The magnitude of challenges associated with management of invasive fungal infections means that identification of novel antifungal agents and approaches to improve effectiveness and safety of currently available agents has become imperative.
Description of the condition
Conventional amphotericin B (sodium deoxycholate) is a broad‐spectrum antifungal that has been used as standard therapy for treatment of many invasive fungal infections since its introduction to clinical practice in the 1950s (Bassetti 2011). Conventional amphotericin B has also been used to treat non‐fungal infections including visceral leishmaniasis and Naegleria fowleri primary amoebic meningoencephalitis.
Although other classes of antifungal drugs, such as azoles and echinocandins, have been developed in recent years, amphotericin B sodium deoxycholate continues to be widely used as the primary agent for treatment of people with serious invasive fungal infections (Laniado‐Laborín 2009; Ostrosky‐Zeichner 2003). A significant limitation of amphotericin B sodium deoxycholate is its safety profile; it is associated with adverse effects, including acute kidney injury (AKI) (Horwitz 2012; Mistro 2012) mediated by vasoconstriction and direct tubular toxicity. The reported incidence of nephrotoxicity varies widely; however, significant decrease in kidney function has been reported in over 80% of patients and is associated with higher mortality rates, length of hospital stay and costs (Bates 2001).
Description of the intervention
New lipid‐associated formulations have been developed to improve the safety profile of conventional amphotericin B including liposomal amphotericin B, amphotericin B lipid complex and amphotericin B colloidal dispersion (Graybill 1996; Kleinberg 2006). These formulations appear to offer advantages over the conventional formulation, notably a marked decrease in nephrotoxicity (Bassetti 2011; Noguchi 2013).

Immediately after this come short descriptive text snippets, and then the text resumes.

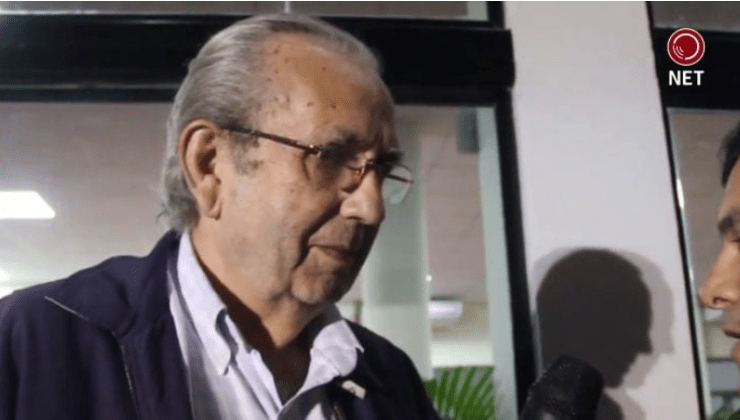 Falleció Miguel Ángel Oliveras, exintendente de Oberá y referente histórico de la&nbsp;UCR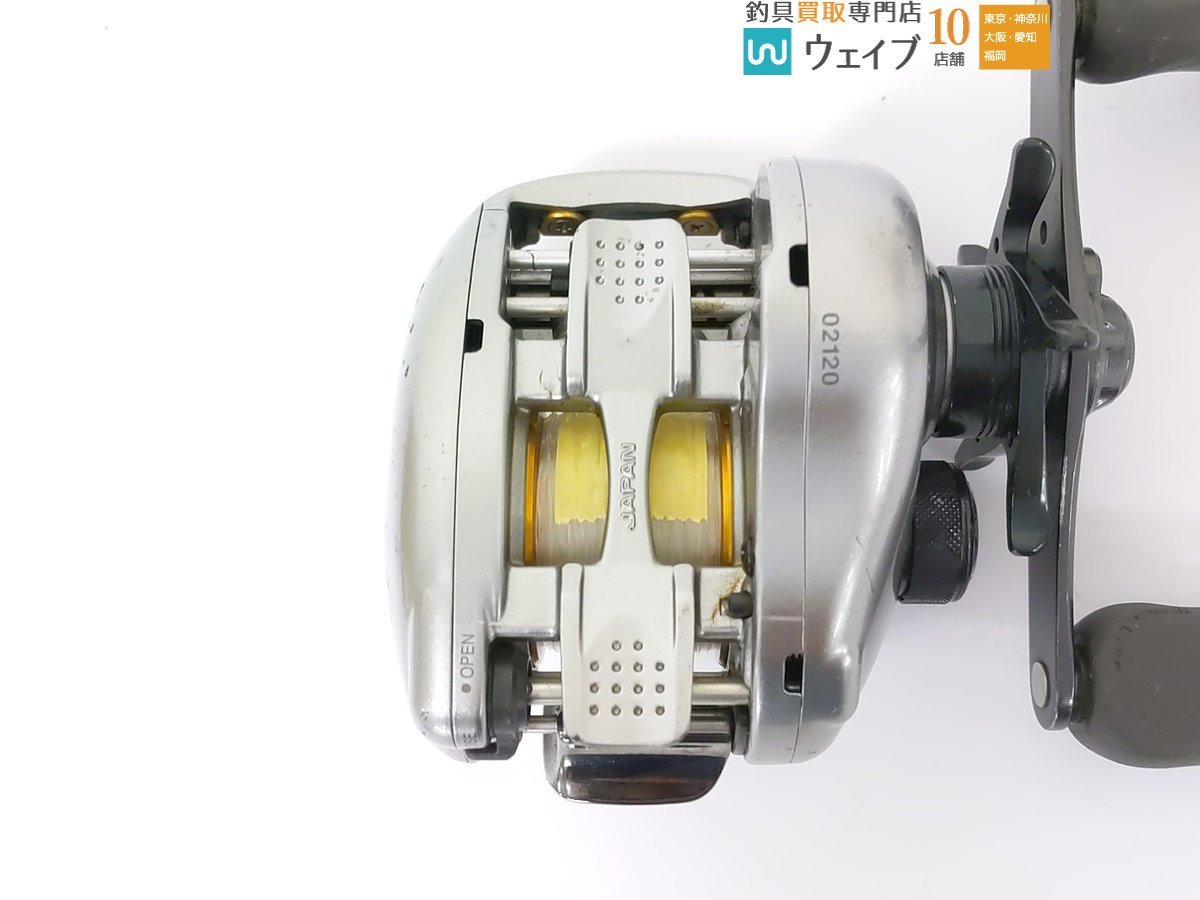 07メタニウムMG7左 シマノ 07メタニウムmg7 LEFT | イシグロ公式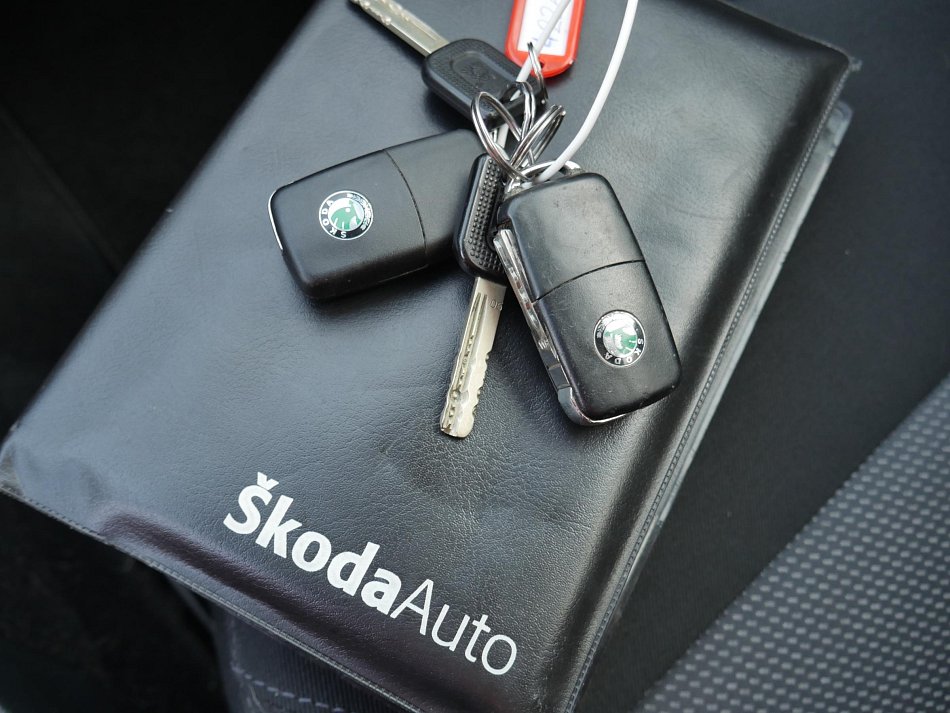 Škoda Octavia II 1.6MPi 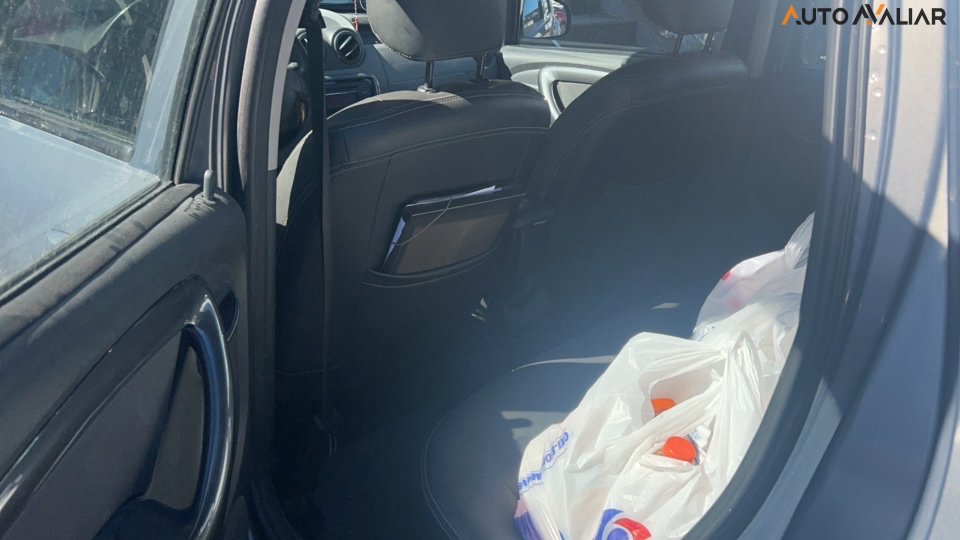 RENAULT DUSTER 1.6 DYNAMIQUE 4X2 16V FLEX 4P MANUAL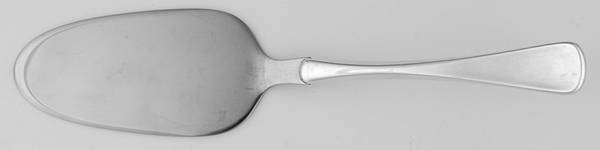 Patricia (Sterling) Cake Server with Stainless Blade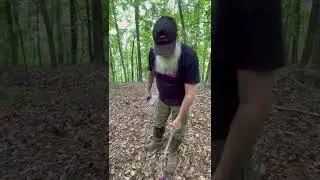How to Use Cuzz's Cooter Juice in a Mock Scrape during the Rut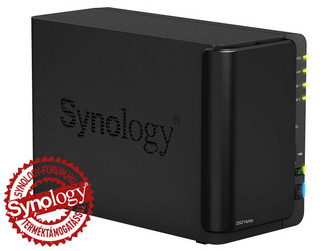 Synology DiskStation DS214play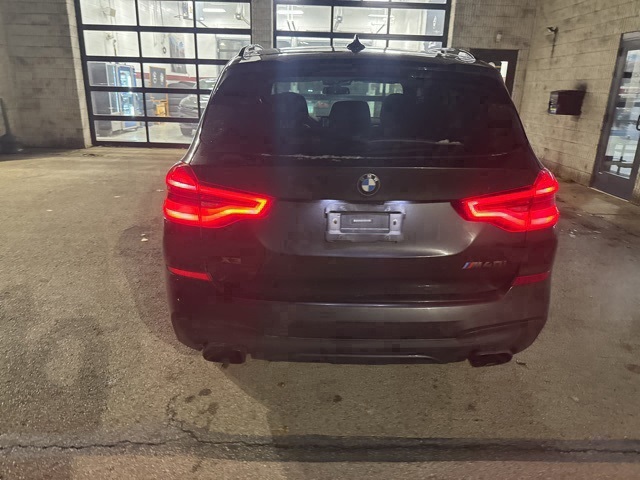 2021 Bmw X3 M40i photo 4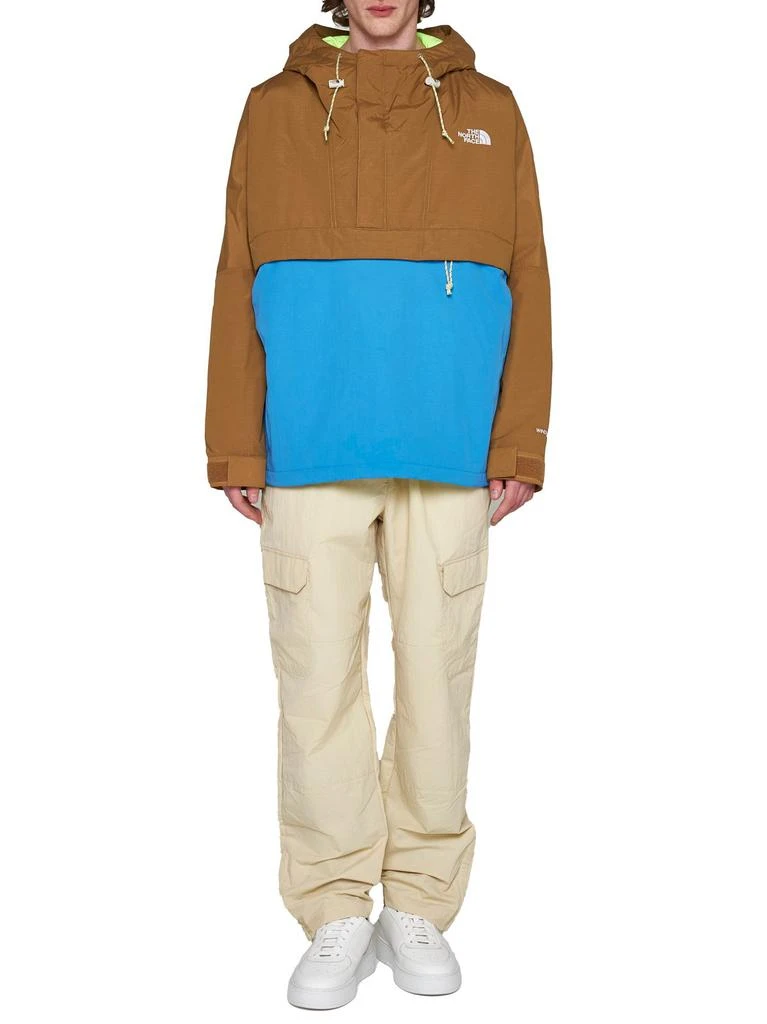商品The North Face|The North Face Colour-Block Long-Sleeved Jacket,价格¥1365,第4张图片详细描述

An earlier Cochrane review reported increased nephrotoxicity associated with amphotericin B deoxycholate compared with lipid soluble formulations (Johansen 2014); however, the patient population evaluated was limited to those with cancer and neutropenia and did not account for other patient populations at high risk of nephrotoxicity.
How the intervention might work
The liposomal formulation of amphotericin B incorporates the antifungal drug into a liposomal bilayer, composed for phospholipids and cholesterol. When the liposome reaches the fungal cell, it is disrupted and the drug is released into the fungal cell membrane where it binds to the ergosterol. The liposome keeps its integrity in the presence of mammalian cells resulting in minimal toxicity (Adler‐Moore 2002).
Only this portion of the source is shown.